** Opening LISTED ENTRIES block **

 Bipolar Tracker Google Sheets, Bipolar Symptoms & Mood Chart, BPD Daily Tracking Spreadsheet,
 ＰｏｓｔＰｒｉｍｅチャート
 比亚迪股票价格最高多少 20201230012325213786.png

** Closing LISTED ENTRIES block **
** Opening LISTED ENTRIES block **

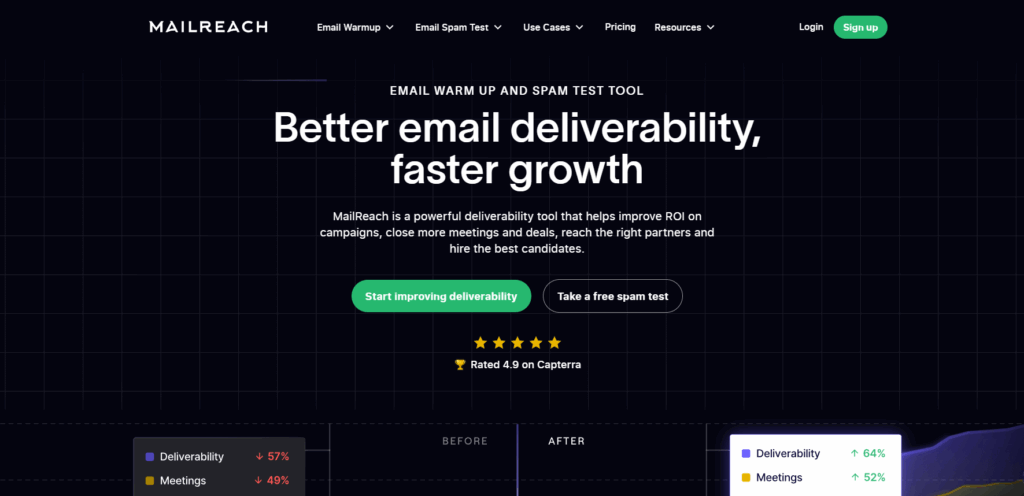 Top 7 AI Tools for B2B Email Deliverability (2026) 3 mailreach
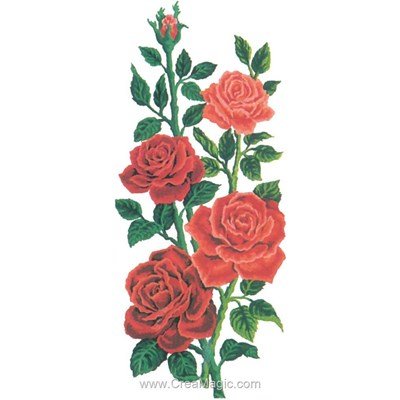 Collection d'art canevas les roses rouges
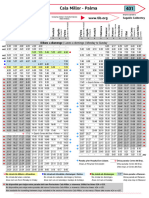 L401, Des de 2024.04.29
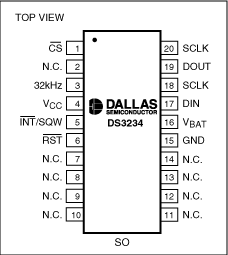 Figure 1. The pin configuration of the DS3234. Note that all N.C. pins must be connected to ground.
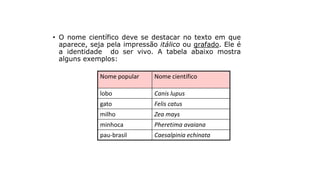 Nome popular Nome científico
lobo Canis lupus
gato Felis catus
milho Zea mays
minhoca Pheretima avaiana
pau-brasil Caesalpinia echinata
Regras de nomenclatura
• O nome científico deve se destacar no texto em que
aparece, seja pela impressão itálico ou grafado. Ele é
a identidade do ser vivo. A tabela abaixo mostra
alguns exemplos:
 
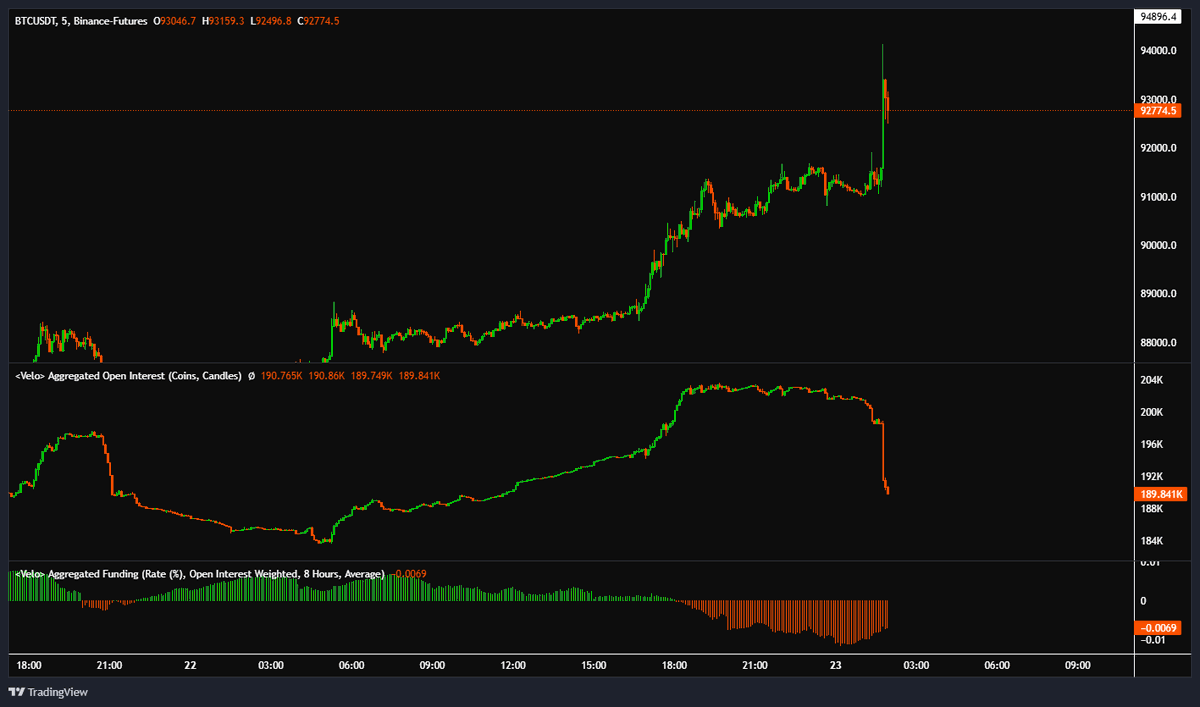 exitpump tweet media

** Closing LISTED ENTRIES block **

**TASK DIRECTIONS**: What is needed is an exact copy of the lines above from the one with "Figure 1. The" to the one with "exitpump tweet media", both ends kept, and nothing more; please leave the pictures out.

**RESPONSE TO THIS EXERCISE**:
 Figure 1. The pin configuration of the DS3234. Note that all N.C. pins must be connected to ground.
 Nome popular Nome científico
lobo Canis lupus
gato Felis catus
milho Zea mays
minhoca Pheretima avaiana
pau-brasil Caesalpinia echinata
Regras de nomenclatura
• O nome científico deve se destacar no texto em que
aparece, seja pela impressão itálico ou grafado. Ele é
a identidade do ser vivo. A tabela abaixo mostra
alguns exemplos:
 
 exitpump tweet media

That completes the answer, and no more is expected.